# 4BLD and 5BLD Mo3 recognized by the WCA in 2019



## Julio974 (Dec 22, 2018)

This will be the latest change since 333ft changing from mean to average!

Announcement: https://github.com/thewca/wca-regulations/issues/681
Commit: https://github.com/thewca/wca-regulations/commit/8b3a38bf71836c42eab409f574612daee6a124f4
Discussion: https://github.com/thewca/wca-regulations/issues/539
Current missing averages statistics page: https://www.worldcubeassociation.org/results/misc/missing_averages/

[I'll update here tomorrow with an retroactive history of Mo3 records.]

(RIP Stanley)


----------



## Cale S (Dec 22, 2018)

Julio974 said:


> [I'll update here tomorrow with an retroactive history of Mo3 records, I wonder if they will be retroactively recognized by the WCA.]



They will be recognized just like how 3BLD and FMC means were when they were added


----------



## Julio974 (Dec 22, 2018)

Cale S said:


> They will be recognized just like how 3BLD and FMC means were when they were added


Oh, well I didn't knew that.


----------



## TipsterTrickster (Dec 23, 2018)

now Becoming a silver member is going to be 10000 times harder


----------



## Mike Hughey (Dec 23, 2018)

TipsterTrickster said:


> now Becoming a silver member is going to be 10000 times harder


From the current results, it looks like about 10 times as many people have 4x4x4 and 5x5x5 BLD singles as have mo3s. So I would say it's only about 10 times harder.


----------



## Julio974 (Dec 24, 2018)

I was a bit too quick...


----------



## Underwatercuber (Dec 24, 2018)

Currently 
20 Platinum members
46 Gold members
94 Silver members
33 Bronze members

With the inclusion of BigBLD means
1 Platinum member (Jan Bentlage)
3 Gold members (Cale Schoon, Mark Boyanowski, Yunqi Ouyang),
6 Silver members (Wenjie Xu, Mike Hughey, Jason White, Sukant Koul, Hanns Hub, Kit Clement)
183 Bronze members (everybody else who's currently Bronze+)

So about 1/9 of people will keep silver, gold and platinum. The rest get bumped down to bronze


----------



## abunickabhi (Dec 27, 2018)

Yay, BigBLD means are tough yo.


----------



## Sowrduk (May 6, 2019)

I think it is unfair how most of the platinums, golds and silvers get knocked down to bronze. Most of the platinums (if not all) we're gotten after 3bld mean became a thing


----------



## Underwatercuber (May 6, 2019)

Sowrduk said:


> I think it is unfair how most of the platinums, golds and silvers get knocked down to bronze.

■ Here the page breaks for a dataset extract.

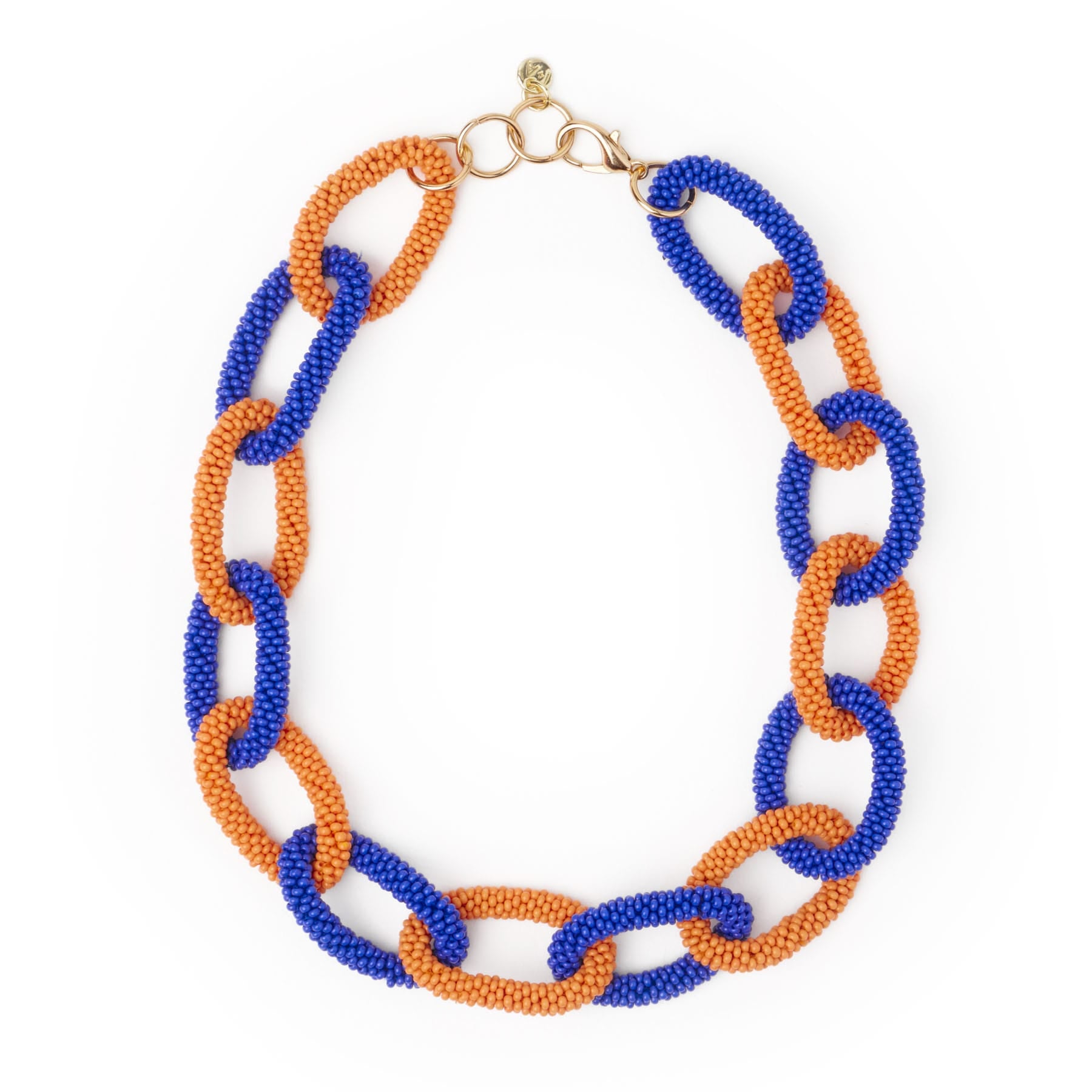 Game Day Chain Link Beaded Necklace Blue + Orange Wholesale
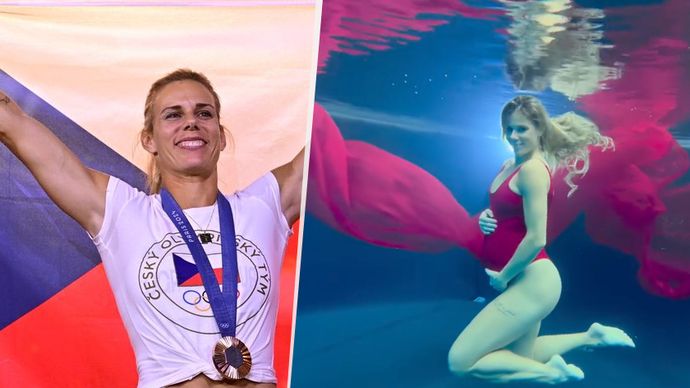 Těhotná oštěpařka Nikola Ogrodníková má za sebou focení ve vodě. A ohromně jí to seklo!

Most of the platinums (if not all) we're gotten after 3bld mean became a thing


It’s great because it now makes people work for it and develop their big bld skills even more!


----------



## xyzzy (May 6, 2019)

Sowrduk said:


> I think it is unfair how most of the platinums, golds and silvers get knocked down to bronze. Most of the platinums (if not all) we're gotten after 3bld mean became a thing


Did they really deserve silver+ if they couldn't even get 4BLD/5BLD means? :thinking:


----------



## Kit Clement (May 6, 2019)

It's an unofficial title, so nobody really "lost" anything. 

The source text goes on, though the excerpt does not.